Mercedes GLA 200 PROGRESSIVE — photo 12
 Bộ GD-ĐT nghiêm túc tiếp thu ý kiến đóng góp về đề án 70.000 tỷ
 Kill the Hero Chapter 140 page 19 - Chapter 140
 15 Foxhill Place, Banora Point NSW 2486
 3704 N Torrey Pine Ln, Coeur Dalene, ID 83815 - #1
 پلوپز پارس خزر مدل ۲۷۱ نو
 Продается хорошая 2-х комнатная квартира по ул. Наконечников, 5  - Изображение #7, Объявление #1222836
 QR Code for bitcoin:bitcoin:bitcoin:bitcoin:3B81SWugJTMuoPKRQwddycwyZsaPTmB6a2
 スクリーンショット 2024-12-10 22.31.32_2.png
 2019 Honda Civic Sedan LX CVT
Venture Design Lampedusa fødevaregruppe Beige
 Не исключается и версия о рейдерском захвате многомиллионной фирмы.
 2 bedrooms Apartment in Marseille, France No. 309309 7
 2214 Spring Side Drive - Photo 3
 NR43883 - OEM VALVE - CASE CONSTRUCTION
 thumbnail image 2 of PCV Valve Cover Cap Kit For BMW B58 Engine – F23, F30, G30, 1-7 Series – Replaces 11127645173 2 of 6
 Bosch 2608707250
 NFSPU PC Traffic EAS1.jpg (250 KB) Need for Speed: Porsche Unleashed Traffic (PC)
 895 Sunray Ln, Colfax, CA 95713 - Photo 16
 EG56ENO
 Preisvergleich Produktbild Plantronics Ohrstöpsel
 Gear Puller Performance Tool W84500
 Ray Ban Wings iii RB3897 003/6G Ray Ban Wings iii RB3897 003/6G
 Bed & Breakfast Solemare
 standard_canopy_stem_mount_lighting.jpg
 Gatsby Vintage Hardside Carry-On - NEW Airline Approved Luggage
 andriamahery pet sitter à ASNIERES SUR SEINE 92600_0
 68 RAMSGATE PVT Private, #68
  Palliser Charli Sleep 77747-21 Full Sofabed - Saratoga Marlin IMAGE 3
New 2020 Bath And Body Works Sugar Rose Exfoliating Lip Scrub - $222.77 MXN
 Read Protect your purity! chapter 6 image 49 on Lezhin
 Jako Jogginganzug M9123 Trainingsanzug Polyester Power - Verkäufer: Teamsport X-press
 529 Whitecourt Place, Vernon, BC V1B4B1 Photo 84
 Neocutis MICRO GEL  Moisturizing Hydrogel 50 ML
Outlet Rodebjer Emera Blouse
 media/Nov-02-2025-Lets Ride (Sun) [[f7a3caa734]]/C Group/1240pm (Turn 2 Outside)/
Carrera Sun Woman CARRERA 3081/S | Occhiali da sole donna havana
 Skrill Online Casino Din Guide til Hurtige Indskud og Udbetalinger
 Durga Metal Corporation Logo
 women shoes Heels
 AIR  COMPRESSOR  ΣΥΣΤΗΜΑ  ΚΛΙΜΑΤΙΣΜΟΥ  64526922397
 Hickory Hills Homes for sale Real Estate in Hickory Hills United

□ □ □ □

[Work required] In full and exactly as written, repeat the data.

[Worked solution]
Mercedes GLA 200 PROGRESSIVE — photo 12
 Bộ GD-ĐT nghiêm túc tiếp thu ý kiến đóng góp về đề án 70.000 tỷ
 Kill the Hero Chapter 140 page 19 - Chapter 140
 15 Foxhill Place, Banora Point NSW 2486
 3704 N Torrey Pine Ln, Coeur Dalene, ID 83815 - #1
 پلوپز پارس خزر مدل ۲۷۱ نو
 Продается хорошая 2-х комнатная квартира по ул. Наконечников, 5  - Изображение #7, Объявление #1222836
 QR Code for bitcoin:bitcoin:bitcoin:bitcoin:3B81SWugJTMuoPKRQwddycwyZsaPTmB6a2
 スクリーンショット 2024-12-10 22.31.32_2.png
 2019 Honda Civic Sedan LX CVT
Venture Design Lampedusa fødevaregruppe Beige
 Не исключается и версия о рейдерском захвате многомиллионной фирмы.
 2 bedrooms Apartment in Marseille, France No. 309309 7
 2214 Spring Side Drive - Photo 3
 NR43883 - OEM VALVE - CASE CONSTRUCTION
 thumbnail image 2 of PCV Valve Cover Cap Kit For BMW B58 Engine – F23, F30, G30, 1-7 Series – Replaces 11127645173 2 of 6
 Bosch 2608707250
 NFSPU PC Traffic EAS1.jpg (250 KB) Need for Speed: Porsche Unleashed Traffic (PC)
 895 Sunray Ln, Colfax, CA 95713 - Photo 16
 EG56ENO
 Preisvergleich Produktbild Plantronics Ohrstöpsel
 Gear Puller Performance Tool W84500
 Ray Ban Wings iii RB3897 003/6G Ray Ban Wings iii RB3897 003/6G
 Bed & Breakfast Solemare
 standard_canopy_stem_mount_lighting.jpg
 Gatsby Vintage Hardside Carry-On - NEW Airline Approved Luggage
 andriamahery pet sitter à ASNIERES SUR SEINE 92600_0
 68 RAMSGATE PVT Private, #68
  Palliser Charli Sleep 77747-21 Full Sofabed - Saratoga Marlin IMAGE 3
New 2020 Bath And Body Works Sugar Rose Exfoliating Lip Scrub - $222.77 MXN
 Read Protect your purity! chapter 6 image 49 on Lezhin
 Jako Jogginganzug M9123 Trainingsanzug Polyester Power - Verkäufer: Teamsport X-press
 529 Whitecourt Place, Vernon, BC V1B4B1 Photo 84
 Neocutis MICRO GEL  Moisturizing Hydrogel 50 ML
Outlet Rodebjer Emera Blouse
 media/Nov-02-2025-Lets Ride (Sun) [[f7a3caa734]]/C Group/1240pm (Turn 2 Outside)/
Carrera Sun Woman CARRERA 3081/S | Occhiali da sole donna havana
 Skrill Online Casino Din Guide til Hurtige Indskud og Udbetalinger
 Durga Metal Corporation Logo
 women shoes Heels
 AIR  COMPRESSOR  ΣΥΣΤΗΜΑ  ΚΛΙΜΑΤΙΣΜΟΥ  64526922397
 Hickory Hills Homes for sale Real Estate in Hickory Hills United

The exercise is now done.